Don't be surprised if your neighborhood gas station is torn up this week.
Stations all around L.A. are scrambling to meet a federal law taking effect on Jan. 1 requiring that all underground gas tanks have reinforced double walls. Those that don't will be prohibited from receiving fuel shipments after the first of the year, effectively shutting them down.
While most stations in L.A. are in compliance with the new law, hundreds have waited until the last minute to begin their upgrades. Many of the laggards are smaller franchisees or independent dealers who have balked at the expense it costs at least $500,000 to pull out three single-walled tanks and replace them with double-walled receptacles. (It takes a separate tank for each grade of gas sold, and because stations generally sell three grades, most have three tanks.)

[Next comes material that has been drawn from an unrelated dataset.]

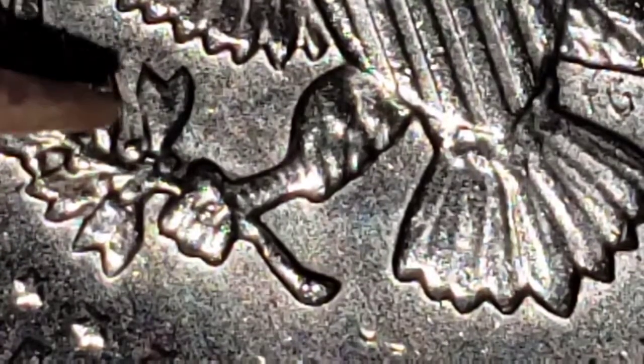See, there's no extra leaf on the regular one. But on this one — there's an extra leaf. Let me see if I can zoom in more. There — see? I think this is a nice find. I found it coin searching, and not only that...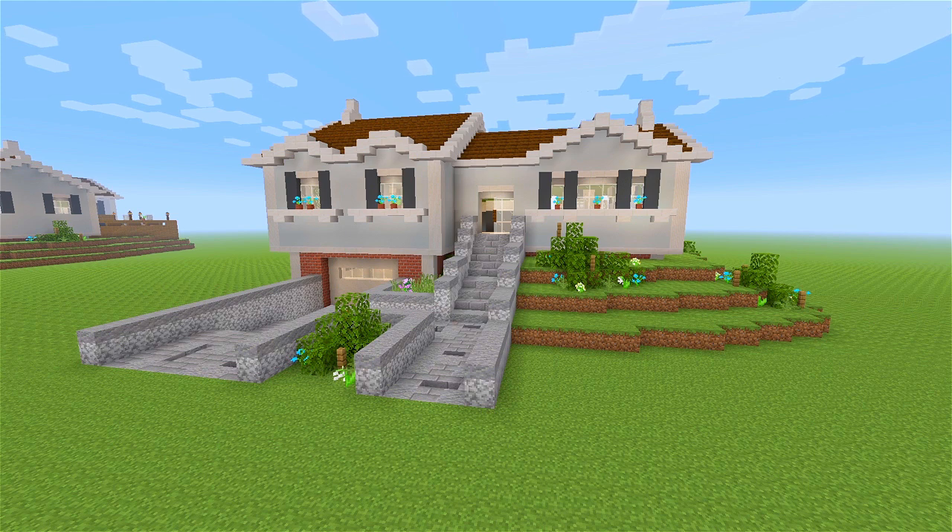Hey guys, I'm back with another tour video. Here in this one, we're going to be taking a look at this three bedroom, two bathroom, split level house.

"Almost all of our company-owned stations are in compliance," said Paul Langland, a spokesman for Arco Products Co., a division of L.A.-based Atlantic Richfield Co. "However, I can't say the same for all of our franchisees and independent dealers we have licensed with. There are some franchisees out there who may shut their doors after they do a cost-benefit analysis."
Langland said as of Jan. 1, Arco Products won't deliver fuel to any station that does not display a special blue decal signifying it has been inspected for double-walled tanks by the local fire department.
The law was actually passed 10 years ago as an effort to crack down on the problem of leaking underground storage tanks, but stations were given until this week to comply. The Environmental Protection Agency says such leaks are the chief source of groundwater contamination nationwide.
Despite 10 years of warnings, many stations either ignored or put off complying with the law. A survey conducted in September by Camarillo-based Lundberg Survey Inc. found that only 52 percent of all service stations in California had upgraded their tanks.
There are no precise figures on how many stations are in compliance throughout L.A. County. However, the L.A. County Fire Department, which oversees stations in 70 of the county's 88 cities, estimates that 75 percent of the stations have complied or were awaiting certification from the county as of Dec. 10.
"There are still people who are holding their heads in the sand, thinking all this will simply go away," said Carl Sjoberg, chief of industrial waste planning and control for the L.A. County Department of Public Works.
The city of L.A. also has about a 75 percent compliance rate for the 2,100 tank owners within the city, according to L.A. Fire Department Capt. John Durso. The Fire Department has inspected every service station in the city over the last two years as part of its enforcement efforts.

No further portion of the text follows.